Existe-t-il quelque chose de plus triste dans la vie que d’aller du berceau à la tombe et continuer d’ignorer qui nous sommes et pourquoi nous sommes venus au monde ? Tragique est l’existence de celui qui meurt sans avoir connu le motif de sa vie…
Tout le monde croit qu’il se connait lui-même, mais il ne soupçonne même pas de loin qu’il n’est pas “un“ mais “plusieurs“. Réellement l’individualité auto-assumée se transforme en multiplicité. Nous sommes comme un bateau plein de gens, où chacun des passagers veut prendre le gouvernail pour conduire le navire où il lui plaît.
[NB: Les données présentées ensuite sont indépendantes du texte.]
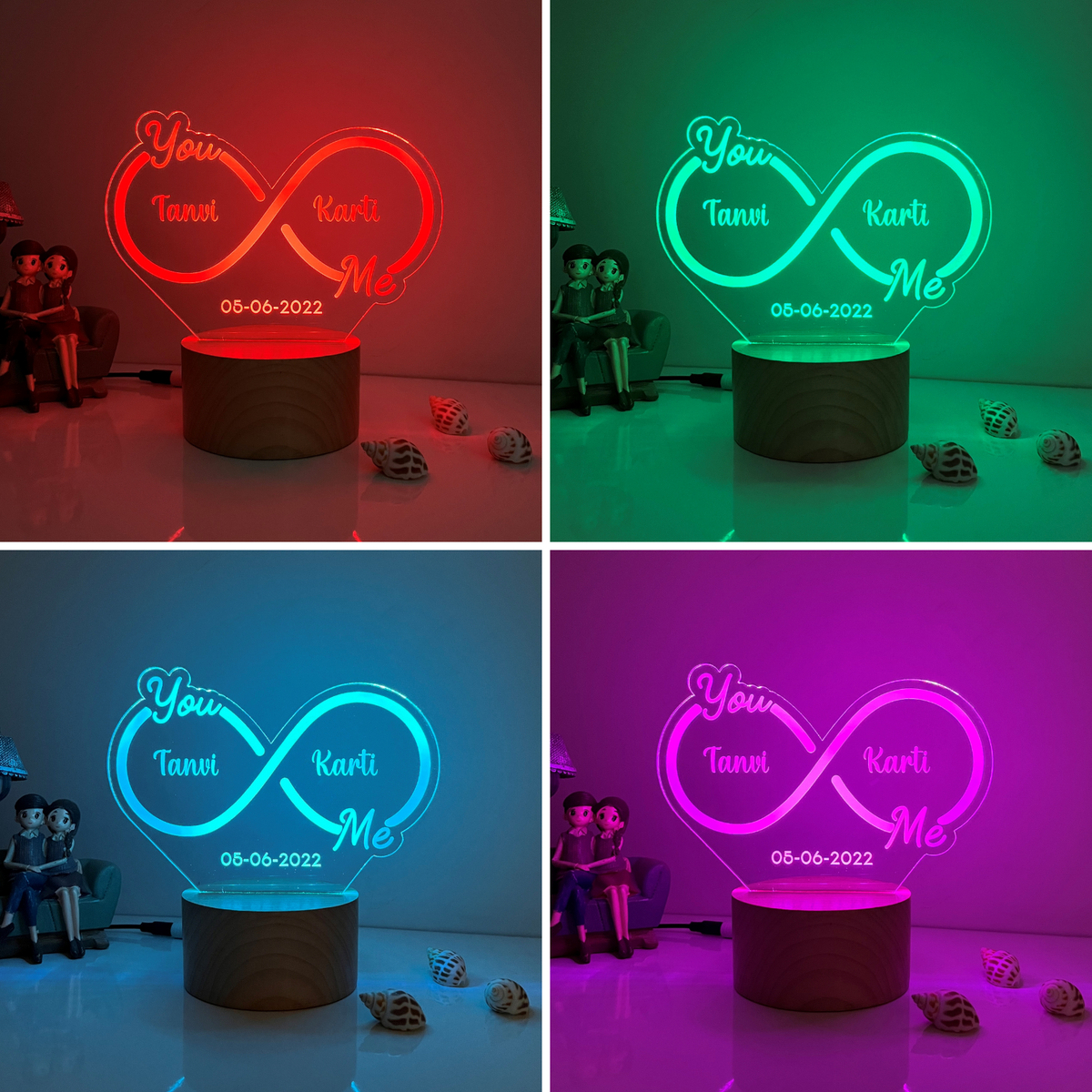 Infinity Couple Name Lamp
Le Moi qui jure amour éternel à une dame est déplacé par un autre Moi qui la laisse devant l’autel pour s’enfuir avec une autre. Le Moi qui jure fidélité à son pays est déplacé par un autre qui vend au plus offrant ses secrets. Le Moi qui promet aux multitudes un gouvernement transparent est déplacé par un autre qui manie de l’argent sale. Le Moi qui aujourd’hui adore Dieu est déplacé peu de temps après par un autre totalement sceptique.
Nier la “doctrine des multiples” serait un péché de naïf, car il n’est d’aucune manière possible de nier les contradictions intimes que chacun de nous possède.
Si nous pouvions nous voir dans un miroir en entier, tel que nous sommes, nous découvririons par nous-mêmes de manière directe cette “doctrine des multiples”.
Si nous avions une véritable Individualité, si nous possédions une unité au lieu d’une multiplicité, nous aurions aussi de la continuité de propos, une conscience éveillée, de la constance, de la volonté…
Nous avons besoin de nous connaître nous-mêmes pour éliminer ce que nous avons en trop et pour acquérir ce qui nous manque, si nous voulons abandonner le monde illusoire et banal dans lequel nous vivons et nous plonger dans le grand océan de vie qu’est le Réel, au-delà du corps, des affections et du mental.
“L’humble connaissance de vous-mêmes est une voie plus sûre pour aller à Dieu que les recherches profondes de la science ” soulignait Thomas de Kempis. “Il y a celui qui regrette sa sottise, celui-ci n’est plus sot ; celui qui se dit être intelligent sans se connaitre lui-même est davantage sot ” déclarait lui-même Bouddha.
Arrivé à ce point, l’aimable lecteur se demandera sûrement : comment puis-je réaliser cette transformation intérieure ?, comment puis-je atteindre l’éveil de la conscience ?… Laissons C. G. Jung, en personne, faire apparaitre un peu de lumière sur cette question intéressante :
Pour que cette transformation se produise, la circumambulation est indispensable, ou bien la concentration exclusive au centre, au lieu de la transformation créatrice. Dans ce processus, on est “mordu” par des animaux, c’est-à-dire qu’il faut s’exposer aux impulsions animales de l’inconscient, sans s’identifier à elles ni «fuir d’elles-mêmes», car la fuite face à l’inconscient rendrait illusoire le but du procédé. Il faut continuer en lui, c’est-à-dire le processus initié dans ce cas par l’auto-observation, doit être vécu dans toutes ses péripéties et annexé au conscient grâce à la meilleure compréhension possible. (Psychologie et Alchimie).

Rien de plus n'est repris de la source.